Take, for instance, the opinion of Andrew Green, a former British Ambassador who represented his country in Syria and Saudi Arabia.  In a Telegraph article entitled ‘Why Western democracy can never work in the Middle East’, Mr. Green states:
“Democracy is emphatically not the solution for extremely complex societies and Western meddling only makes matters immeasurably worse. The fundamental reason for our failure is that democracy, as we understand it, simply doesn’t work in Middle Eastern countries where family, tribe, sect and personal friendships trump the apparatus of the state. These are certainly not societies governed by the rule of law. On the contrary, they are better described as ‘favour for favour’ societies.”
To paraphrase Mr. Green, I would suggest that “The fundamental reason for our failure is the stupidity of our diplomats”.  To even use the term ‘Western democracy’ denotes ignorance; the rest of Mr. Green’s peroration is suffused with the falsely-tolerant but actually supremacist idea that cultural issues are either immutable or taboo.  Let me suggest to Mr. Green that the reason why in some countries “family, tribe, sect and personal friendships trump the apparatus of the state” is that that “apparatus” represents an artificial state, one that is not based on any true form of identity, such as national or religious identity.  Such artificial ‘states’ have been created by Mr. Green’s ‘imperial’ predecessors and are being ruled (‘oppressed’ may be a better description) by local despots with the ‘benevolent’ complicity of Mr. Green’s colleagues and bosses.

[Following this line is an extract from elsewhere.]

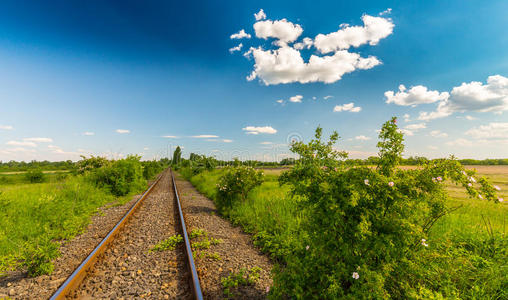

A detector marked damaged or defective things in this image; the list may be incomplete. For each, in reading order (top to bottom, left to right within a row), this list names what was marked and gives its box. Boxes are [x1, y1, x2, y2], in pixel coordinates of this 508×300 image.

rusty rail [49, 172, 163, 298]
rusty rail [171, 170, 202, 298]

There is no such thing as ‘Western democracy’.  There is liberal democracy – a political system that may have originated in the West (although, unlike democracy, ‘West’ is a relative term), but that is equally suitable to nations vastly dissimilar in terms of society and culture.  Liberal democracy works in Asian Japan just as well as in the United States of America.  It works in European France and Middle Eastern Israel.  Germany’s Western European culture did not stop it from becoming a Nazi state in the 1930s; North and South Korea are home to the same Asian nation, yet one is a liberal democracy – the other an autocratic inferno; China may still be described as a “favour for favour society”, but liberal democracy rules culturally akin Taiwan.

Inane journalists often reduce ‘liberal democracy’ to the much-much narrower concept of ‘free elections’.  The BBC, for instance, informs its audience (‘misinforms’ would be a better description) that
“Mohammed Morsi was Egypt's first democratically elected president…”
Needless to say, while Egypt may have experienced one round of (almost) free elections, Morsi could not have been ‘democratically elected’, because the country does not have the basic infrastructure of a democracy: freedom of press, freedom of speech, expression and dissent, a healthy public debate, etc.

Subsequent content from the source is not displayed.